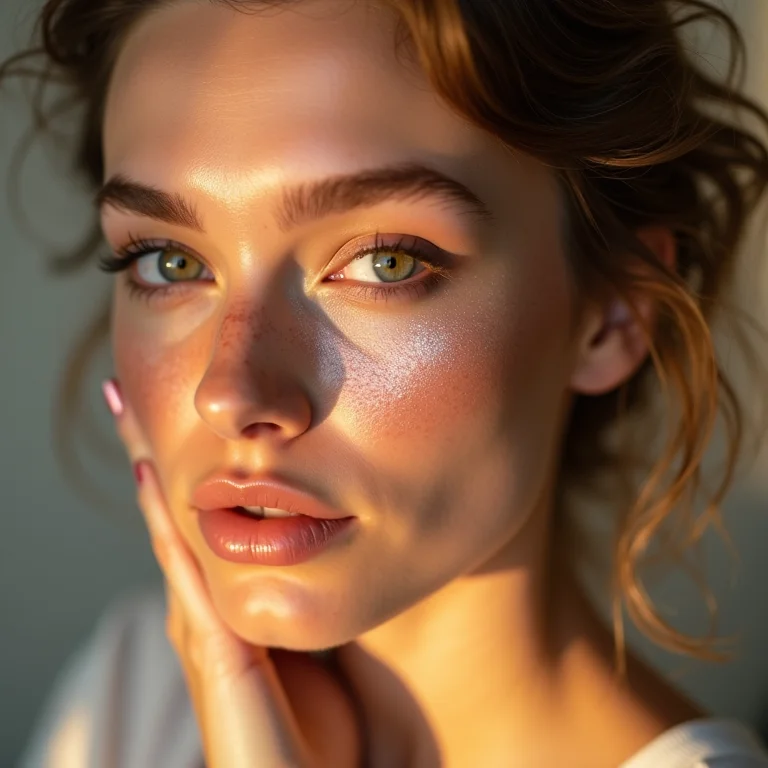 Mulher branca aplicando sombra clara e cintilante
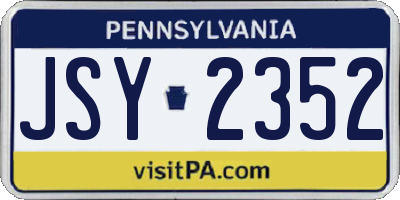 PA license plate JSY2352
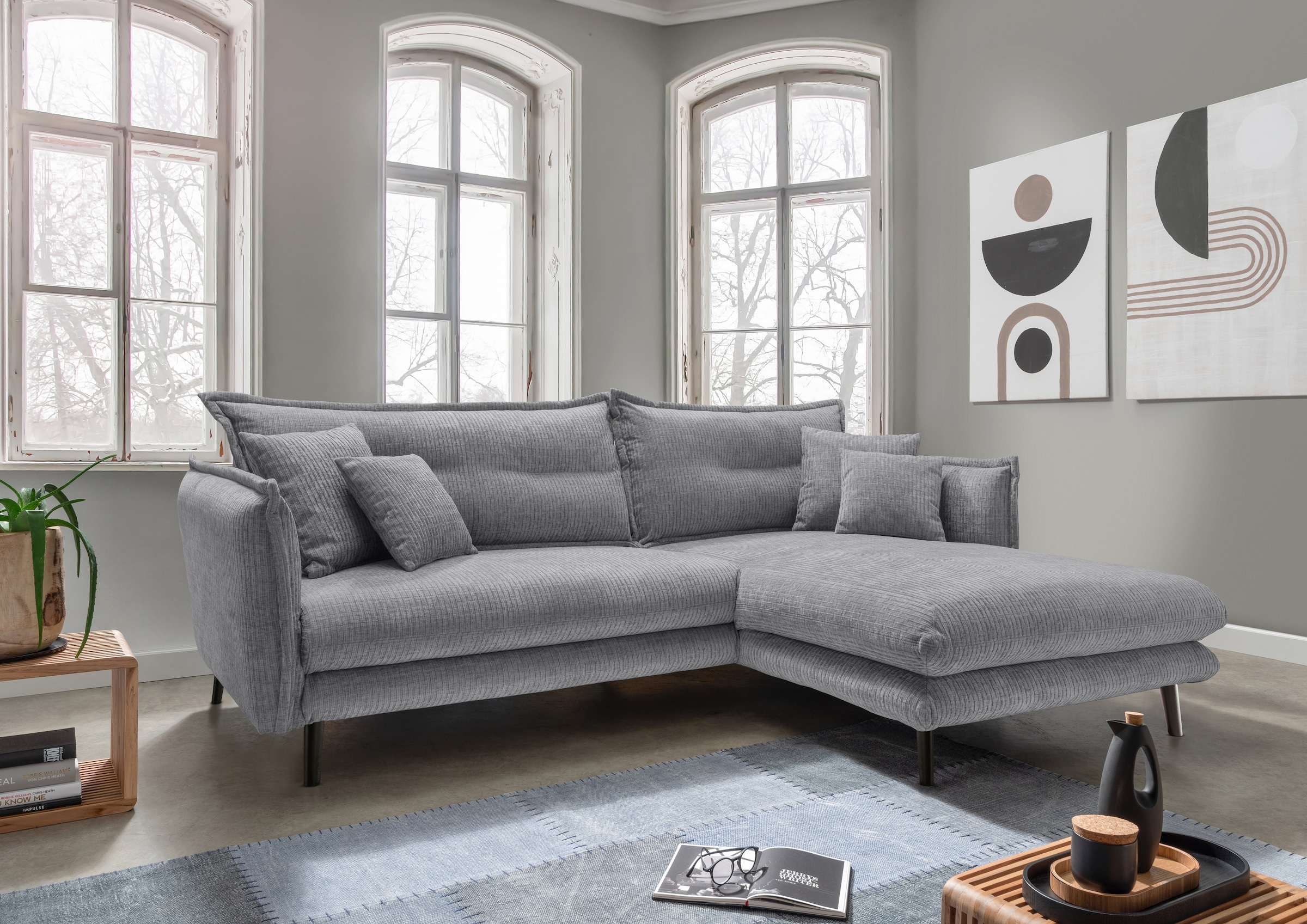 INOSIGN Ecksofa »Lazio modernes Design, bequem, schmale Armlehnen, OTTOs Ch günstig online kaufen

* The problem *
From the first line to the last, copy the listing above exactly, dropping all images.

* Answer to this problem *
 Mulher branca aplicando sombra clara e cintilante
 PA license plate JSY2352
 INOSIGN Ecksofa »Lazio modernes Design, bequem, schmale Armlehnen, OTTOs Ch günstig online kaufen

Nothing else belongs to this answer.